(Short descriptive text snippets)
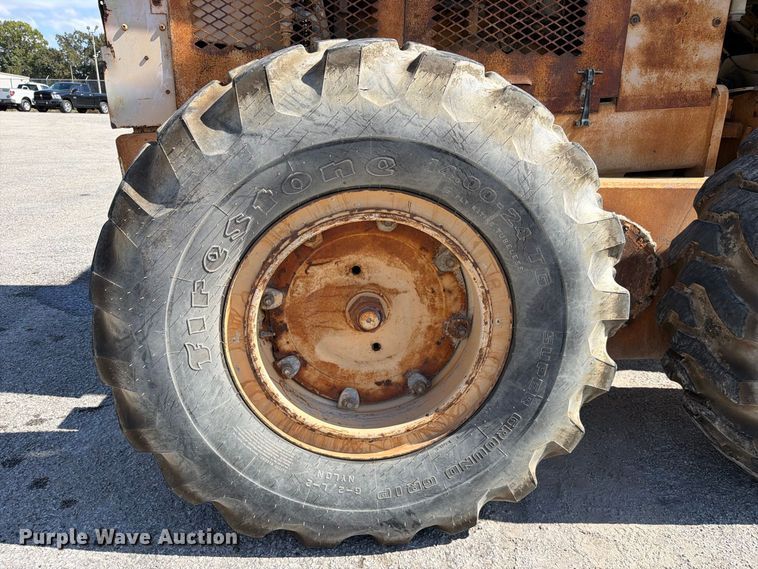 image for item FC3425 1979 Champion 720A motor grader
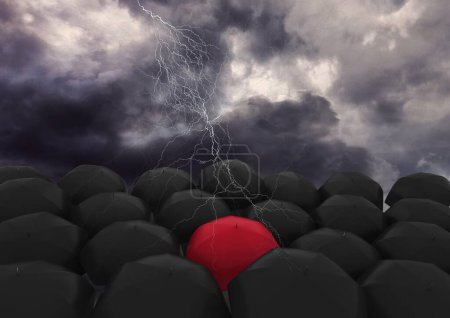 Téléchargez les photos : Composite numérique de parapluie rouge entre parapluies noirs - en image libre de droit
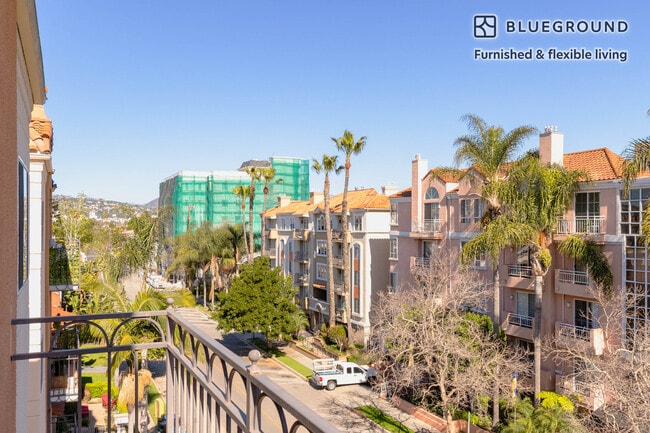 Photo - 345 Cloverdale Ave Unidad SI FL4-ID196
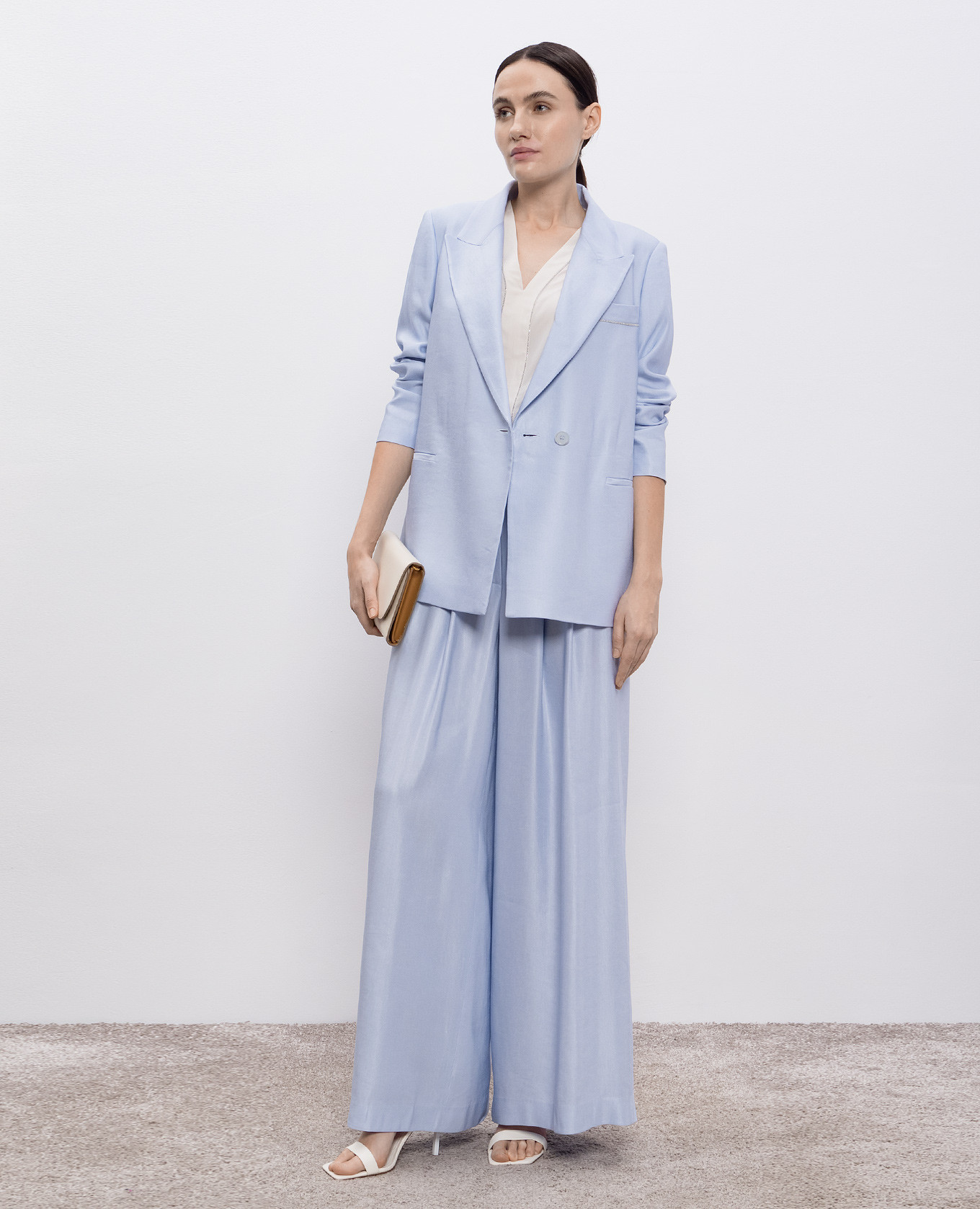 Image 7 Peserico Blue double-breasted linen jacket with monil chain S01168A01921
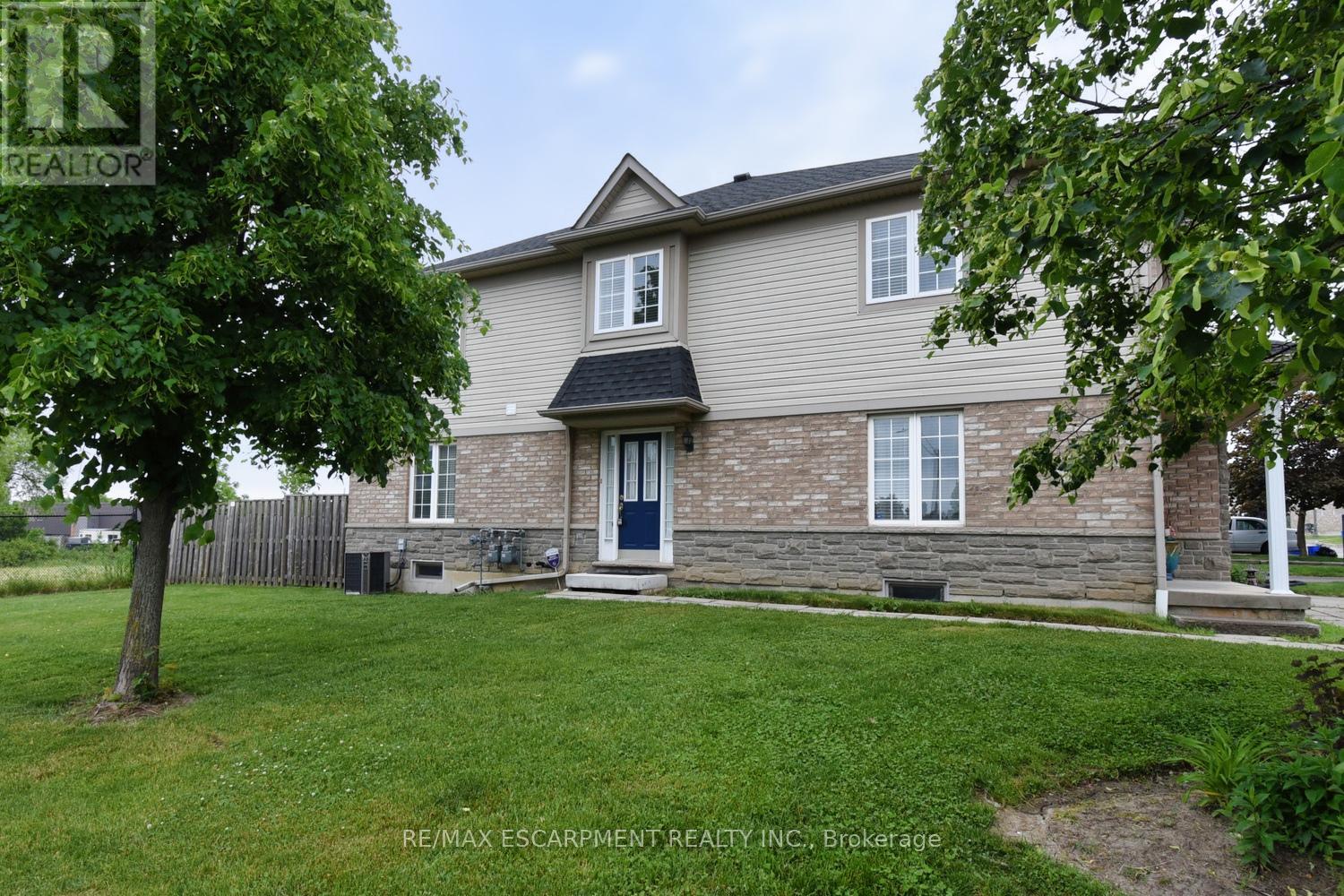 Single Family House for Sale in    SOUTHSIDE PLACE Hamilton (Mountview)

TASK REQUIREMENTS — Keep every word of the records and none of the pictures when you print them again.

RESULT BELOW —
 image for item FC3425 1979 Champion 720A motor grader
 Téléchargez les photos : Composite numérique de parapluie rouge entre parapluies noirs - en image libre de droit
 Photo - 345 Cloverdale Ave Unidad SI FL4-ID196
 Image 7 Peserico Blue double-breasted linen jacket with monil chain S01168A01921
 Single Family House for Sale in    SOUTHSIDE PLACE Hamilton (Mountview)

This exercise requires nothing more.